The answer must consist of every line below that contains the word "Google".

** Opening EXTRACTED MATERIAL block **

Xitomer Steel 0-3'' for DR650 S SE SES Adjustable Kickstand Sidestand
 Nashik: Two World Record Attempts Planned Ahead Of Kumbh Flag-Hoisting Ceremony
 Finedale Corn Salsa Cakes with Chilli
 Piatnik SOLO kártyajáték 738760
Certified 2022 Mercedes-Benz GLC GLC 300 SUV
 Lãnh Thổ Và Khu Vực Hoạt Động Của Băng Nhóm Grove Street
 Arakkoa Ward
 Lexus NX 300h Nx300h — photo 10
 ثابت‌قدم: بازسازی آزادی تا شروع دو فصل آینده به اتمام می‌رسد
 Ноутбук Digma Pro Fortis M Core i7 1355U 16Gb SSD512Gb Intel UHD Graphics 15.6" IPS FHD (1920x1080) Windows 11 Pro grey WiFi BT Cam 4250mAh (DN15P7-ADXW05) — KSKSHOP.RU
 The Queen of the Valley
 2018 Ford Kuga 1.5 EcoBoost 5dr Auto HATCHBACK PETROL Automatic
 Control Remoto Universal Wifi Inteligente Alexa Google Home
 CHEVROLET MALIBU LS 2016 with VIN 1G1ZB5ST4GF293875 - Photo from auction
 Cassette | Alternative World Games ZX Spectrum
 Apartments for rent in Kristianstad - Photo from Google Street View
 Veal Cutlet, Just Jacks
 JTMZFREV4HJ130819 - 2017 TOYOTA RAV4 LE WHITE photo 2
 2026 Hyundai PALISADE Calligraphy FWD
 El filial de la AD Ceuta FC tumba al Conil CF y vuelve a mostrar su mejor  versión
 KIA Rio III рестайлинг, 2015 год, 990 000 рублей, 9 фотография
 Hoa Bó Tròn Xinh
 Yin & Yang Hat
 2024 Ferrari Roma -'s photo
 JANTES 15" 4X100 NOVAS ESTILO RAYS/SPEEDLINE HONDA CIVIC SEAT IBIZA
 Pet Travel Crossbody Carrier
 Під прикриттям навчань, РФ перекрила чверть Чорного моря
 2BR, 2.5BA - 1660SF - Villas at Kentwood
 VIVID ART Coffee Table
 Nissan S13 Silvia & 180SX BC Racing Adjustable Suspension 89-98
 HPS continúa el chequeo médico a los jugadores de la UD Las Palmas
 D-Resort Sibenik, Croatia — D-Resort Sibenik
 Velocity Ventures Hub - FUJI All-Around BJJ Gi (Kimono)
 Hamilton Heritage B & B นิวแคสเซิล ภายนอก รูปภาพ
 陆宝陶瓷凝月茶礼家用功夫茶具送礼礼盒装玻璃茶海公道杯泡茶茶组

** Closing EXTRACTED MATERIAL block **

* **EXPECTED OUTPUT**
 Control Remoto Universal Wifi Inteligente Alexa Google Home
 Apartments for rent in Kristianstad - Photo from Google Street View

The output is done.